Wife killer sentenced to more than 46 years
KENT - On the Internet dating service he used before his wife's death, he was known simply as "Freedom."
But that's what Robert Durall lost yesterday in King County Superior Court as Judge Deborah Fleck ordered him to the exceptional sentence of 46 years and eight months in prison for the murder of his wife, Carolyn.
As Durall sat weeping, Fleck called the murder a case of "aggravated domestic violence preceded by a pattern of psychological abuse."
Despite being educated, professionally successful and a church leader, Durall was typical, Fleck said, of abusers who, despite their community standing, control their partners through psychological abuse and intimidation.
Durall, who will be 43 this month, reported his 36-year-old wife missing in August 1998. He told police, his three young children, his wife's friends and family that she had "run off" from their Renton home while he was upstairs taking a shower.
But her co-workers at Morgan Stanley Dean Witter in Bellevue knew she was planning to divorce Durall. They were concerned when she did not show up for work and could not be reached at home.
Letters in Carolyn's desk, detailing her unhappiness with Durall, helped link him to her disappearance. He was arrested on Aug. 26, 1998, and charged with first-degree murder. A few weeks later, he took police to a wooded area two miles off Interstate 90, where Carolyn's body was buried, with the agreement that his doing so would never be revealed to a jury.
Durall's trial began in June and was marked with bizarre twists, one coming near the end when he claimed strangers had abducted his wife and forced him to accompany them to the wooded area where they buried her and made him clean up the blood in the house.
After only two hours of deliberation Aug. 7, the jury convicted Durall of first-degree murder. It was two years and one day after Durall took his wife out for dinner and drinks, and then, in their bedroom, beat her so viciously that Fleck, who has presided over many homicide trials, called photos of Carolyn Durall's body some of the most "horrific" she had ever seen.
While Durall's attorney, Don Minor, asked that Durall be sentenced within the standard range, 20 to 26 years, Senior Deputy Prosecuting Attorney Jeff Baird said Durall used the Internet to research ways to kill his wife, which showed he premeditated her death and therefore deserved an exceptional sentence.
Fleck agreed, sentencing Durall to slightly less than the 50 years Baird recommended and imposing a no-contact order that makes it illegal for Durall to contact his three children except through their guardian and the prosecutor's office.

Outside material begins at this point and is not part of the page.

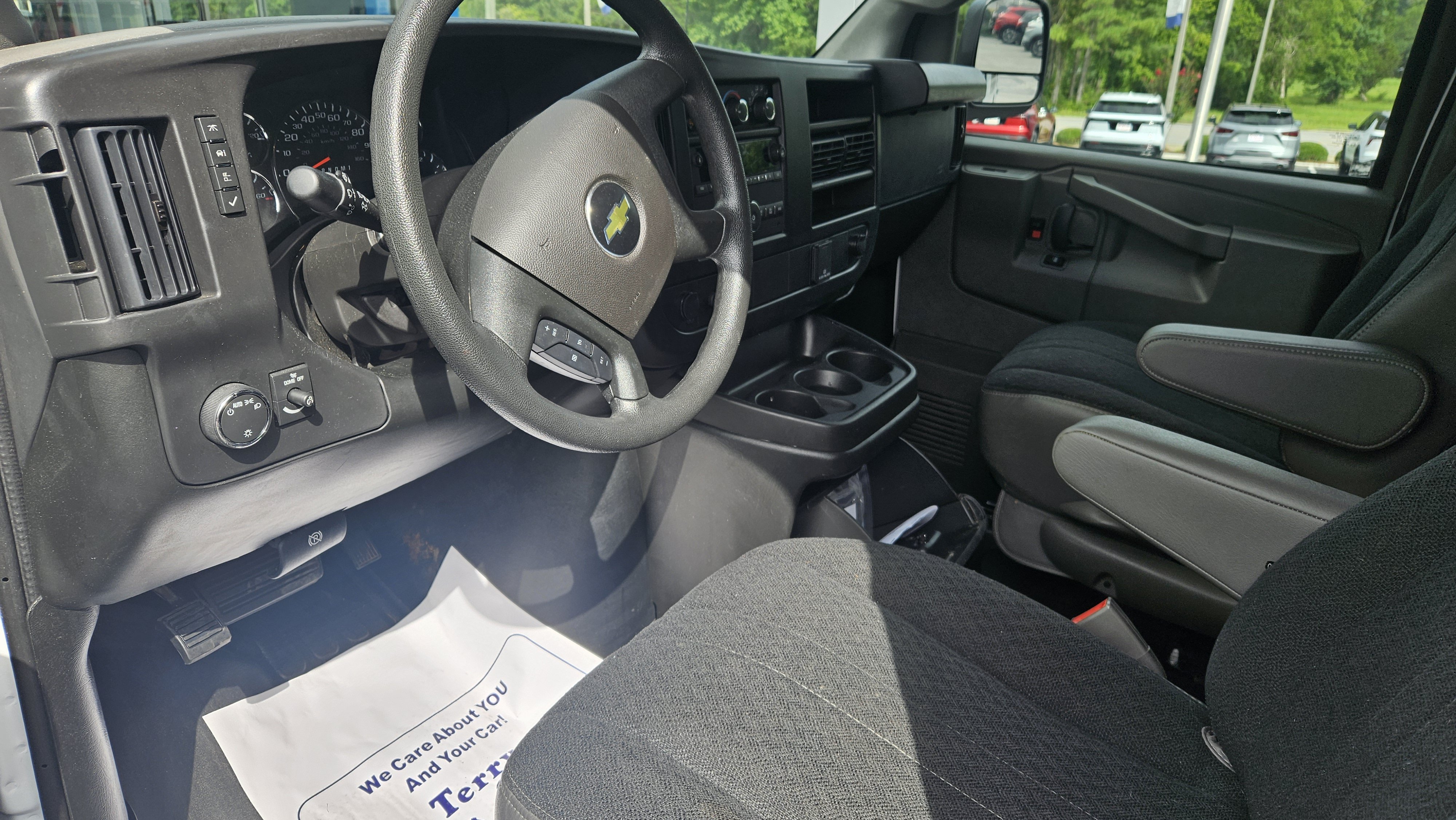 Used 2025 Chevrolet Express 2500 w/ Driver Convenience Package RWD image 10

Durall was solemn through most of the sentencing until a friend of Carolyn's showed a videotape with slides of her. There were pictures of Carolyn on horseback, in the kitchen, with her friends, family and children.
When Durall addressed the court, he emotionally told of knowing the pain of what it's like to have a family torn apart. He referred to the relationship he had with his wife as one of love and trust and noted that Carolyn wrote in a Bible she dedicated to him that he "was one of the nicest men she'd ever met."
He did not, however, take responsibility for her death, Fleck said, characterizing his demeanor - particularly during the trial - as "sniveling."
Carolyn Durall's mother, Lenore Roberts, told Durall he was a "monster" who had disgraced not only his own family, but Roberts and her husband, Jim.
The Robertses, who are in their 60s, are raising the couple's children, and while they don't regret it, it wasn't what they expected to be doing in their retirement years.
Two years ago, Roberts, on behalf of the children, filed a wrongful-death suit in King County Superior Court against Durall to obtain funds from the estate to support the children. Tuesday, a judge ordered funds from the estate to be dispersed.
But it's little compensation.
"The light has gone out of my life," Roberts told the court.